In the melee, the guns were lost to McCall, along with the barren ground, and Kearny's
supporting division was shaken.
301
Wilcox's Alabamians, taking fearful
casualties and disordered, could do no more than hold the position of their advance,
nearly a mile short of the crossroads. To Wilcox's left the brigades of Winfield S.
Featherston and Roger Pryor (a prewar duelist) came up to widen the front of the assault,
extending Kearny's division. Kearny called on corps commander Heintzelman for help.
To Wilcox's right, and right of the
slow advance of Micah Jenkins, Pickett s brigade changed directions to move to Kemper's
relief. Pickett's was Longstreet's last brigade and Pickett was out with the wound taken
at Gaines's Mill. Colonel Eppa Hunton, of the 8th Virginia, led the brigade forward.

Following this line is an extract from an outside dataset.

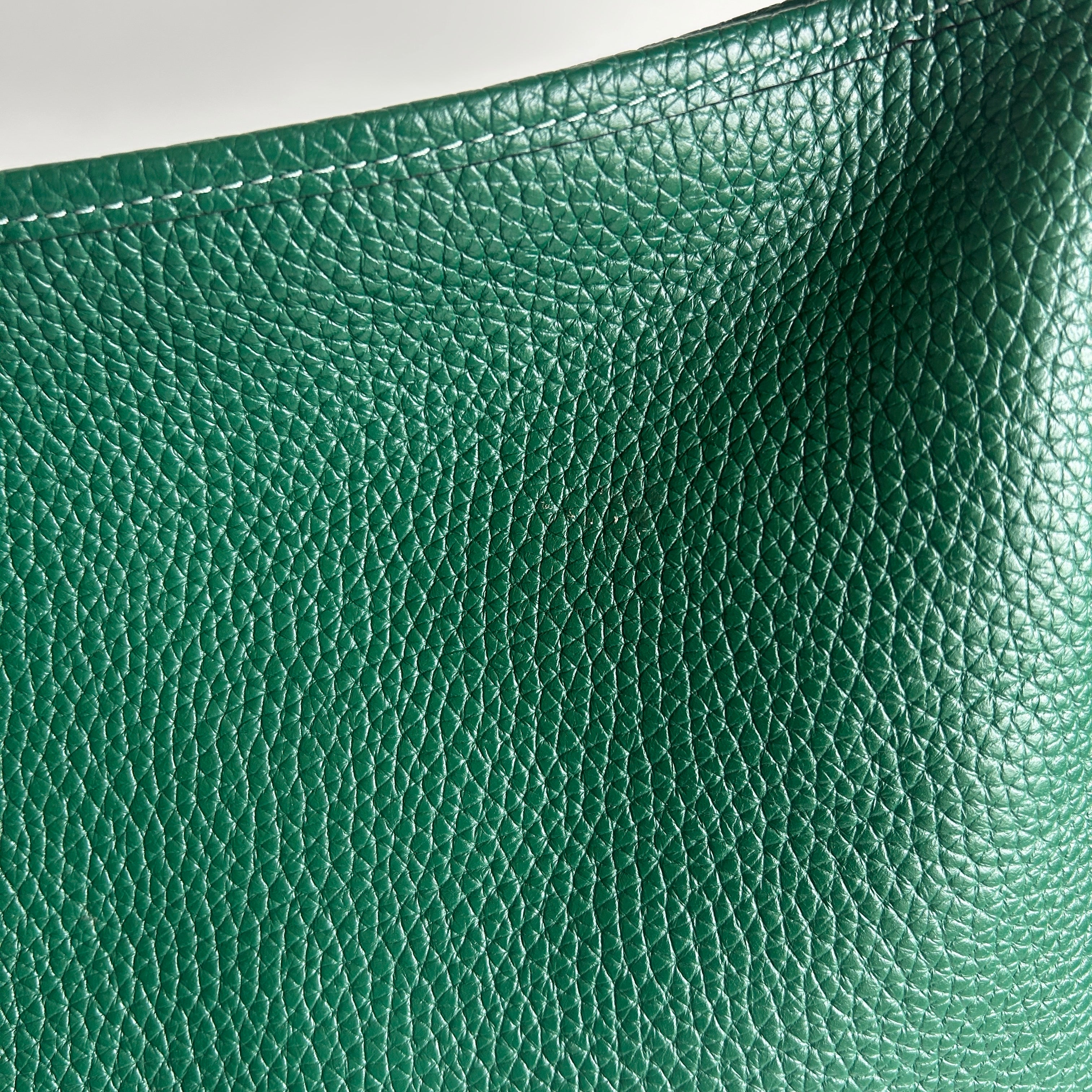 Coach Cary Green Pebble Leather Shoulder Bag Excellent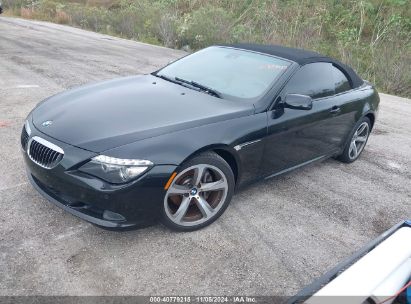 2008 BMW 650I Black  Gasoline WBAEB53598CX62741 photo #3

Absorbing casualties in crossing the open field and losing direction when Confederates
from other units fell back through their lines, the brigade entered the woods without
Colonel Hunton. Ill, he had fallen from exhaustion. A Pickett staff officer turned the
brigade over to Colonel Strange and he tried to bring order to the deranged battle in the
woods.
In moving to support a line of
Kemper's fighting in his front, Strange found a line of Federals behind him. Beginning to
fight in groups, with little purpose beyond survival, the men of Pickett's brigade became
embroiled with a fresh unit from Sedgwick's division. Longstreet's brigades were being
met by divisions. Four Federal divisions from three corps were absorbing the thrusts
across the uneven lines, and more supports were moving to Glendale.
The sun was going down, with nothing
heard from Jackson or Huger. Featherston's left, stretching to turn the Federal flank,
reached little more than a mile from Huger's position. Instead of Huger supporting
Featherston, a Federal brigade was drawn from Slocum's division --- the one facing Huger
--- to hurry to support Kearny on the Long Bridge Road. Then two brigades were drawn from
Richardson's division, one of the two divisions holding the rear guard against Jackson,
and moved to the Glendale front. The equivalent of four fresh divisions were massing at
McCall's broken limes.
7
With the massing strength, the
Federals began to mount counterattacks at isolated points. The hard thrusts of
Longstreet's brigades had been delivered without cohesion across the whole front, and
302
with little
strength on the right where Pickett was battling to rescue Kemper. As the momentum went
from the assault, segments of the disordered advance were forced to take positions of
defense.
In Longstreet's execution of Lee's
general plan, in expectation of supports from either Jackson or Huger, he had withheld
Hill's Light Division to deliver the decisive blow. With no support arriving and more
Federals coming to his front from the area where Huger and Jackson were expected,
Longstreet could only employ Hill to bolster the troops of the spent assault as the men
turned to defending themselves against the enemy's fresh forces.
Grimly, Longstreet ordered A. P. Hill
to commit his division. With the sun setting, the brigades of the Light Division went in
fast. Pender went along the road to the right and Field to the left. Gregg went to the
left of Field and Archer to the right of Pender. These were the troops on whom the dusk
fell only three days before in the slaughter-pit of Boatswain's Swamp, and the men went
forward with their high yells as eagerly as when they moved out the first day across the
fields at Mechanicsville. Powell Hill held only one brigade back against emergency.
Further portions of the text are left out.